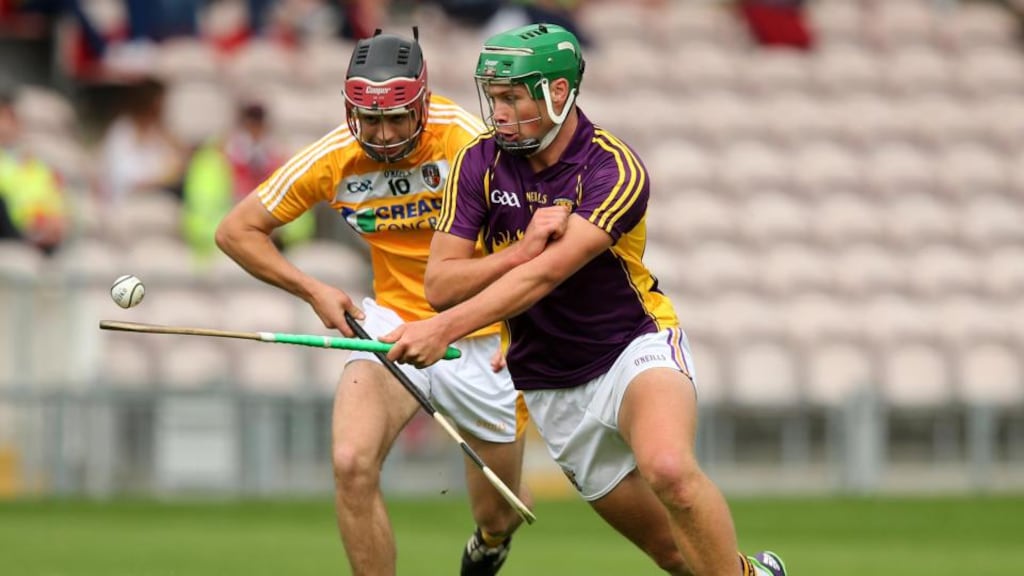 Antrim’s Maoi Connolly and Conor McDonald of Wexford in action during the Under-21 All-Ireland hurling semi-final. Photograph: Ryan Byrne/Inpho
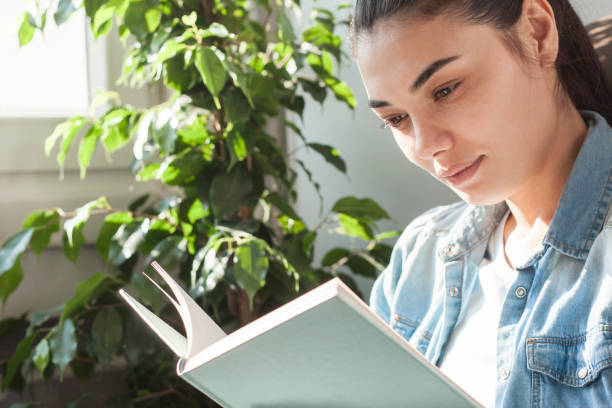 istock young woman reading book at quarantine 1220388215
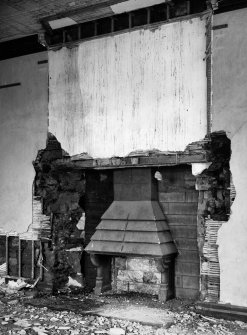 Interior.
First floor, N room, detail of W fireplace.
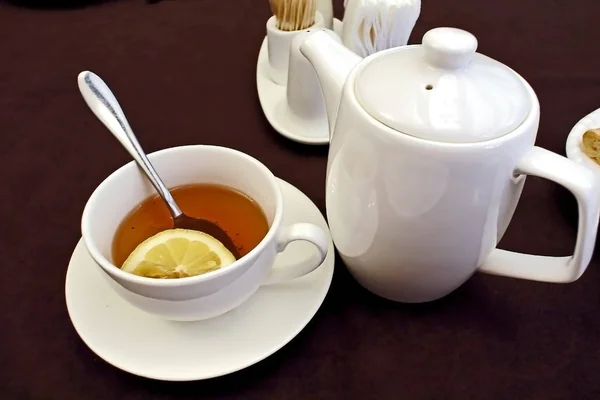 Tea in a mug with a teaspoon and lemon — Stock Photo, Image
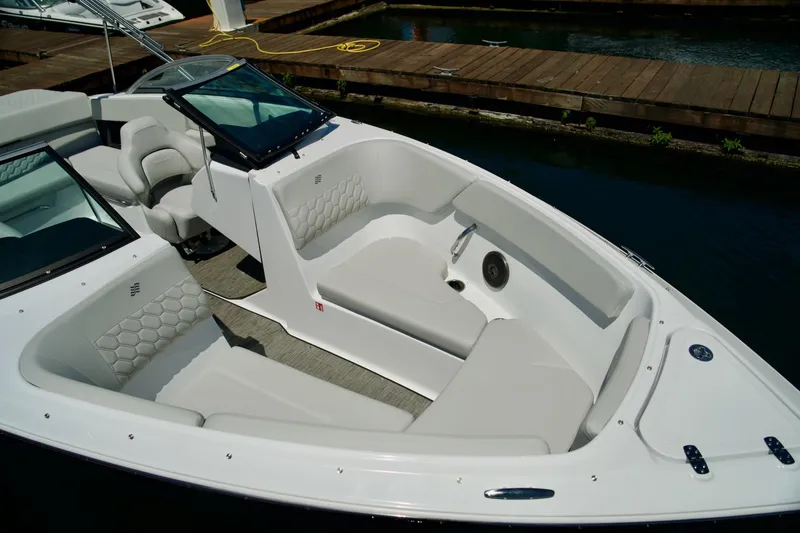 Slide: The Image of 2026 Four Winns H4 boat interior with sleek seating and modern design at a dock. - 5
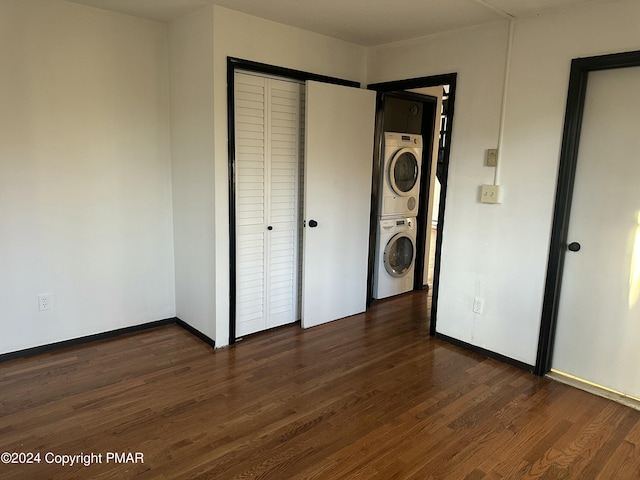 unfurnished bedroom featuring stacked washer / dryer, a closet, dark wood finished floors, and baseboards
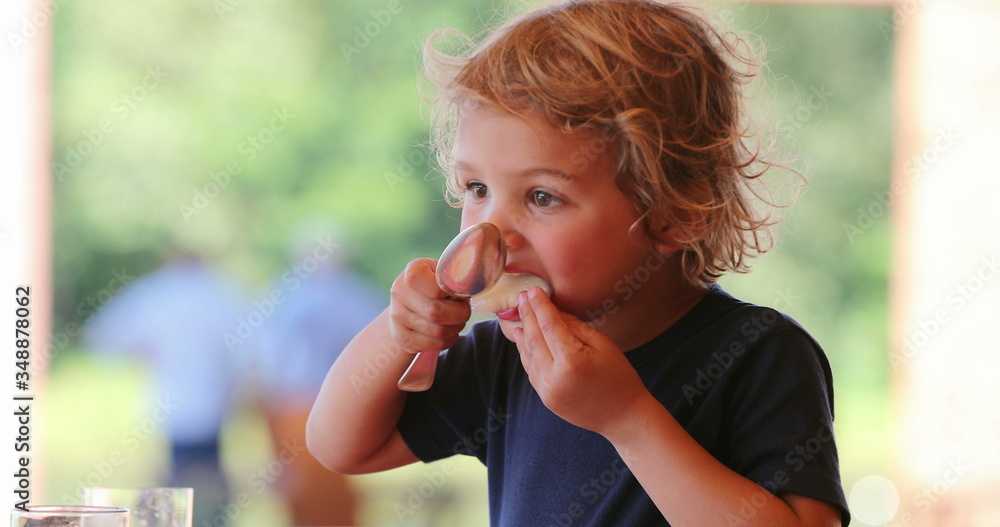 Child eating melong fruit dessert with spoon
*-*-*
Activity: Omit pictures; set down the rest of the material word for word.

Response area:
 Antrim’s Maoi Connolly and Conor McDonald of Wexford in action during the Under-21 All-Ireland hurling semi-final. Photograph: Ryan Byrne/Inpho
 istock young woman reading book at quarantine 1220388215
 Interior.
First floor, N room, detail of W fireplace.
 Tea in a mug with a teaspoon and lemon — Stock Photo, Image
 Slide: The Image of 2026 Four Winns H4 boat interior with sleek seating and modern design at a dock. - 5
 unfurnished bedroom featuring stacked washer / dryer, a closet, dark wood finished floors, and baseboards
 Child eating melong fruit dessert with spoon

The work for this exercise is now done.